Screen Printing Process: For a proper solder joint, it is necessary that the solder covers the entire pad. For achieving this, the manufacturer suggests an aperture in the stencil larger than the pad. This ensures the solder ball or charges under the component make contact with the solder paste. However, this requires accurate registration of the stencil with pads on the PCB. High-accuracy registration ensures the solder paste location with respect to the solder balls or charges offers good contact between them.

If the centering of the solder paste is not accurate with respect to the pad, the solder will not wet the pad adequately. Rush PCB uses automated inspection to ensure solder covers the entire pad. We reject solder pad assemblies not completely covered. We clean, and reprint them after improving the registration of the stencil with the PCB.

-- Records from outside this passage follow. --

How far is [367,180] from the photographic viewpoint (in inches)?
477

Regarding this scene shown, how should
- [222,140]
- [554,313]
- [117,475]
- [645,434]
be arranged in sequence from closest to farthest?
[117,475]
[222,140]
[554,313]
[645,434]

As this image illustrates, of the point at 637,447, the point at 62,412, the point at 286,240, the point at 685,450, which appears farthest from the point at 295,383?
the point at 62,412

Component Placement: For proper placement of SMT components, it is necessary to use automated pick-and-place equipment. Along with the centroid data, or the X-Y coordinates, it is also important to program the Z-axis dimension for truly seating each solder ball or charge of the component on its solder deposit.

As the solder melts in the reflow oven, the weight of the component makes it settle in its proper position on the board. This also helps to overcome any coplanarity in the component.

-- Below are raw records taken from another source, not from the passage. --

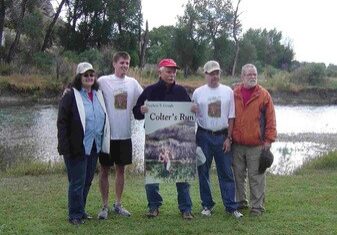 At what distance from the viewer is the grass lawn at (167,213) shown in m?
6.22

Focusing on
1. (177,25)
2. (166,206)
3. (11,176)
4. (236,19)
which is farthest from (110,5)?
(166,206)

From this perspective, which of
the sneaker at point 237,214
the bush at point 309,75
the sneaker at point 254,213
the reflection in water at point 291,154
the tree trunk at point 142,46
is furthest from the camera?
the tree trunk at point 142,46

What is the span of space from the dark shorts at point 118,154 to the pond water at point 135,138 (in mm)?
4533

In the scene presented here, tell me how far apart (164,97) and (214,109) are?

Reflow Oven Profiling: Most manufacturers make SMT components capable of withstanding the profiles necessary for lead-free soldiers. According to the standard IPC/JEDEC J-STD-020, SMT components must withstand a peak temperature of 260 °C and a temperature of 255 °C for 30 seconds.

Nitrogen infusion provides a low oxygen environment, and this increases the wettability of the soldering surfaces. High-density component manufacturers recommend completing the soldering process in an environment rich in nitrogen.

It is vital that the fully populated PCB assembly undergoes a proper profiling process. Overlooking the reflow process that forms the solder joints can lead to various defects in the joints and makes the board non-functional.

Rush PCB places thermocouples through the back of the board reaching the center of the component. This way we are sure the solder balls or chargers are reaching the proper temperature. This also ensures the reflow process is achieving the solder paste reflow profile parameters recommended by the manufacturer.

Conclusion

Although processes will always have flaws, with proper processing it is possible to reduce the need for reworking the assembly, scrapping it, and generating lower profits. Importance of proper processing methods will continue to gain importance as the electronics industry makes denser assemblies with smaller components. Rush PCB offers superior stencil layouts for SMT components while matching their footprints to those the manufacturer supplies.